▸ DIRECTIONS
Nothing in the entries below may be altered; print them as they stand.

▸ Data records
┄┄┄┄┄┄

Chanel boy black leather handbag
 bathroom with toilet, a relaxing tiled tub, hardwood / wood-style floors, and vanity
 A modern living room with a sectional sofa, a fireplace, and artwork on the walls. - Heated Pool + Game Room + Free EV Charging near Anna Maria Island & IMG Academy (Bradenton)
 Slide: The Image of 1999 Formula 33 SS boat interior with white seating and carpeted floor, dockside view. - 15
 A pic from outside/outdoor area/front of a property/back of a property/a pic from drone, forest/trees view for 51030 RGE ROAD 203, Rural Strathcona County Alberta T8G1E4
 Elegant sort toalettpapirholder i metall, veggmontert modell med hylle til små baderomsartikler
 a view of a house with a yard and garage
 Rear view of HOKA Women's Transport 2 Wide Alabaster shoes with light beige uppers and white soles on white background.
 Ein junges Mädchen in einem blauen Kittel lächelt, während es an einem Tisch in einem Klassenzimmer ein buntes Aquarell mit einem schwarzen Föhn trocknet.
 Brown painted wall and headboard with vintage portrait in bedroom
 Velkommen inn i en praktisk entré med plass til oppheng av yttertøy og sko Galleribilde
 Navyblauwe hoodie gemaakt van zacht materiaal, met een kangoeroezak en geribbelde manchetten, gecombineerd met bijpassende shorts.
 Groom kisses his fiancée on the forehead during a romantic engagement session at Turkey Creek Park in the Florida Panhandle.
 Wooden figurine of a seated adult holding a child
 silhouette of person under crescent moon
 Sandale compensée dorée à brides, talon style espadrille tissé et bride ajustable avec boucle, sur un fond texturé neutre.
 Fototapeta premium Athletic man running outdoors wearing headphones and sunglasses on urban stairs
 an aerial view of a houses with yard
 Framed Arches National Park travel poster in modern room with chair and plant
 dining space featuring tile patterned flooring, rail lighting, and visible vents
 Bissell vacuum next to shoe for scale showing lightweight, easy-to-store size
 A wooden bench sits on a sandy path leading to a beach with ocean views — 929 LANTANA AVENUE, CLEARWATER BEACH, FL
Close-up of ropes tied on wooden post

┄┄┄┄┄┄

▸ TASK OUTPUT
Chanel boy black leather handbag
 bathroom with toilet, a relaxing tiled tub, hardwood / wood-style floors, and vanity
 A modern living room with a sectional sofa, a fireplace, and artwork on the walls. - Heated Pool + Game Room + Free EV Charging near Anna Maria Island & IMG Academy (Bradenton)
 Slide: The Image of 1999 Formula 33 SS boat interior with white seating and carpeted floor, dockside view. - 15
 A pic from outside/outdoor area/front of a property/back of a property/a pic from drone, forest/trees view for 51030 RGE ROAD 203, Rural Strathcona County Alberta T8G1E4
 Elegant sort toalettpapirholder i metall, veggmontert modell med hylle til små baderomsartikler
 a view of a house with a yard and garage
 Rear view of HOKA Women's Transport 2 Wide Alabaster shoes with light beige uppers and white soles on white background.
 Ein junges Mädchen in einem blauen Kittel lächelt, während es an einem Tisch in einem Klassenzimmer ein buntes Aquarell mit einem schwarzen Föhn trocknet.
 Brown painted wall and headboard with vintage portrait in bedroom
 Velkommen inn i en praktisk entré med plass til oppheng av yttertøy og sko Galleribilde
 Navyblauwe hoodie gemaakt van zacht materiaal, met een kangoeroezak en geribbelde manchetten, gecombineerd met bijpassende shorts.
 Groom kisses his fiancée on the forehead during a romantic engagement session at Turkey Creek Park in the Florida Panhandle.
 Wooden figurine of a seated adult holding a child
 silhouette of person under crescent moon
 Sandale compensée dorée à brides, talon style espadrille tissé et bride ajustable avec boucle, sur un fond texturé neutre.
 Fototapeta premium Athletic man running outdoors wearing headphones and sunglasses on urban stairs
 an aerial view of a houses with yard
 Framed Arches National Park travel poster in modern room with chair and plant
 dining space featuring tile patterned flooring, rail lighting, and visible vents
 Bissell vacuum next to shoe for scale showing lightweight, easy-to-store size
 A wooden bench sits on a sandy path leading to a beach with ocean views — 929 LANTANA AVENUE, CLEARWATER BEACH, FL
Close-up of ropes tied on wooden post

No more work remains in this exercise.